Physicists use the Standard Model to theorize and to experiment different particles.  The scientists have used the standard model to help search for new physics beyond the Standard Model from relatively uninteresting background. The Standard Model groups major theories into a consistent theory that describes the interactions between all known particles which scientist use to find other unknown particles.

--Explain how subatomic particles are classified. Include information about the properties used to classify.

Subatomic particles are either fermoins or bosons. They are determined by their spin. Fermoins have a spin of 1/2 while bosons have a spin of 1. Fermoins can futher be classified as either a quark or a lepton.

--Describe any updates of modifications you could see coming to the Standard Model during your lifetime.

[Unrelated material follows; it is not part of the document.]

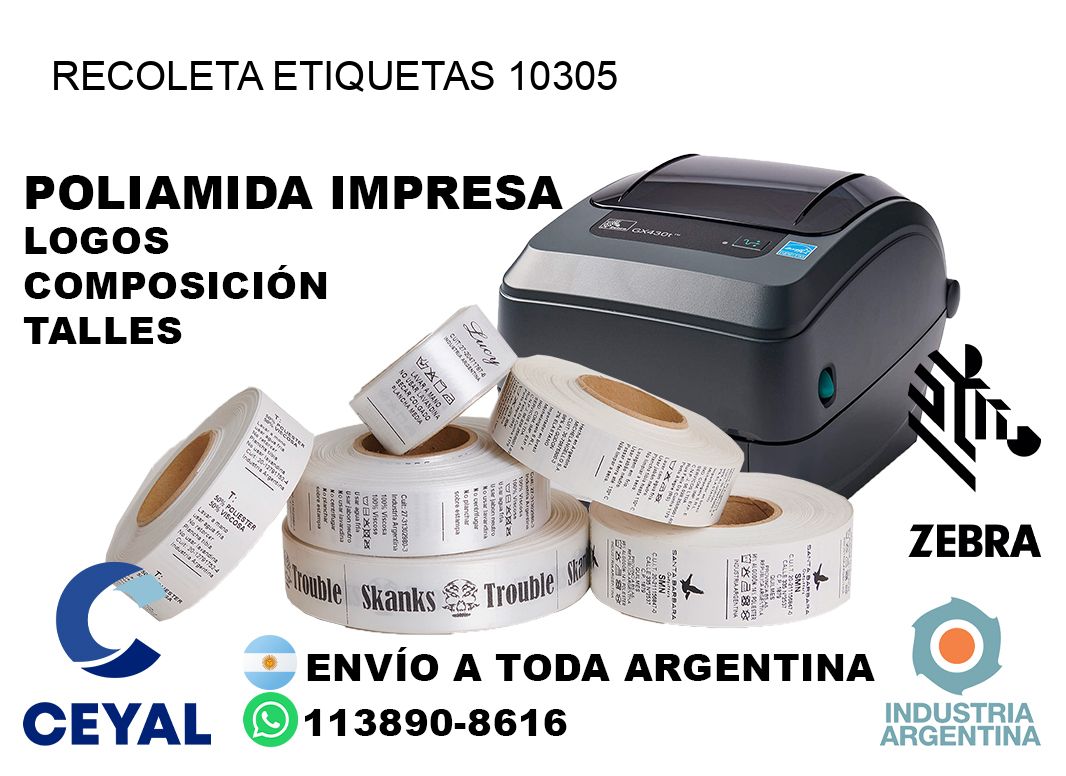 Recoleta etiquetas 10305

I can see more unknown particles to be added to the standard model and perhaps Higgs boson to be confirmed rather than just being hypothethical.

Density Lab

Research Question: In what level will each object float?

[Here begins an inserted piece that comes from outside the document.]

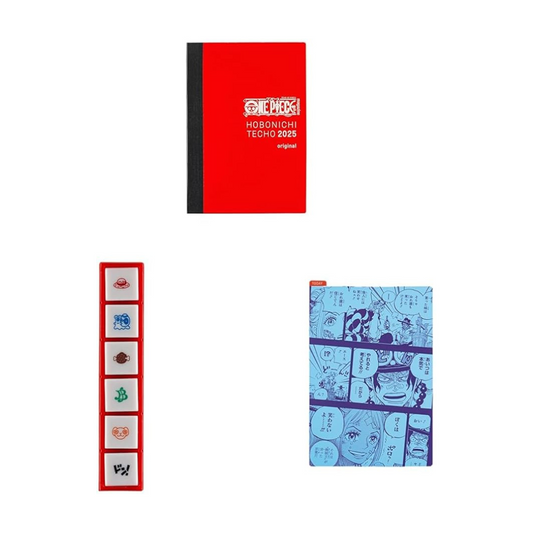 Hobonichi 2025 Original (A6), One Piece, Japanese Language Book, 1 Page Per Day (Special Edition)/January/Monday Begins + Almost Daily Notebook, KODOMO NO KAO x Almost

Abstract: We conducted the experiment so that we can get familiar with the lab equipment and also have some review on density. The problem we were trying to solve was where each object would float. To solve this, we had to use a ruler, gruaduted cylinder, and a scale that measured in grams. In order to find the density of each object we used the technique of water displacement to find volume. And the scale to find mass. My major results were that not all objects would float on the same level.

Safety Consideration: Washed hands at the end of each lab session.

Materials:

• Ruler
• Gruaduted Cylinder
• Scale (grams)
• Glass Stick
• 7 Substances

Procedure:

1. Find Mass (weigh each item on the scale)
2. Find Volume (use water displacement technique)
3. Find Density (divide mass over volume)
4. Research Density for Corn Syrup, Canola Oil and Water

Evidence Collected:

Mass--Volume--Density

Parafin Wax: 9.49g--9mL--1.05g/mL

Brass: 34.42g--4mL--8.61g/mL

Steel: 31.51g--12ml--7.88g/mL

Cork: 1.15g--12mL--.10g/mL

Zinc: 4.44g--1mL--4.44g/mL

Acrylic: 4.82g--4mL--1.21g/mL

Low density Polyethyloye: .04g--.3mL--.13g/mL

Claim: The cork, parafin wax, and LDP fell in the canola oil level. The acrylic fell just a little below water. And the zinc, steel, and brass fell right to the bottom level, the corn syrup.

Scientific Explanation: Density determines where each object would fall into what level. The reason of this is due that the three liquids have different densities from each others.

Resources: Internet